Asombro, curiosidad, intriga. Es de tarde y el espacio es un descampado. La función comienza. Las estacas se clavan con ritmo. Clac, clac, clac, descanso, clac, clac, la que sigue. El camión viejo gruñe y levanta los pesados mastros que se elevan con pereza ya aburridos de la rutina de siempre. Ahí, en las alturas, la cúpula supervisa, como a paso firme, las 15 personas: artistas, empleados, el dueño y los y las niñas trabajan por un objetivo común: armar la carpa.
Al día siguiente, luces, colores, música y malabares invaden un espacio que no tenía vida. El circo aparece. Introduce un mundo dentro de otro. Un pequeño pueblo se instala dentro de otro; a veces en las afueras, a veces en el centro y atrae a los niños encantados por la lona que esconde vaya a saber uno qué.
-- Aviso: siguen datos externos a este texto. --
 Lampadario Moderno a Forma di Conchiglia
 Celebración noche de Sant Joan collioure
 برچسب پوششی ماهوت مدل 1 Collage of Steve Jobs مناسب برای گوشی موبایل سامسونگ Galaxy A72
También a los políticos y policías de siempre en busca de un agasajo y a los más viejos que se quejan por un espacio que está ocupado y que ellos quieren vacío para la vista. Pero lo más importante, el circo convoca a la familia. Hijos e hijas, padres y madres, abuelas, abuelos, tías y tíos. Todos y todas están invitados. El circo invita y se prepara para revelar por un rato a un mundo ajeno y mágico.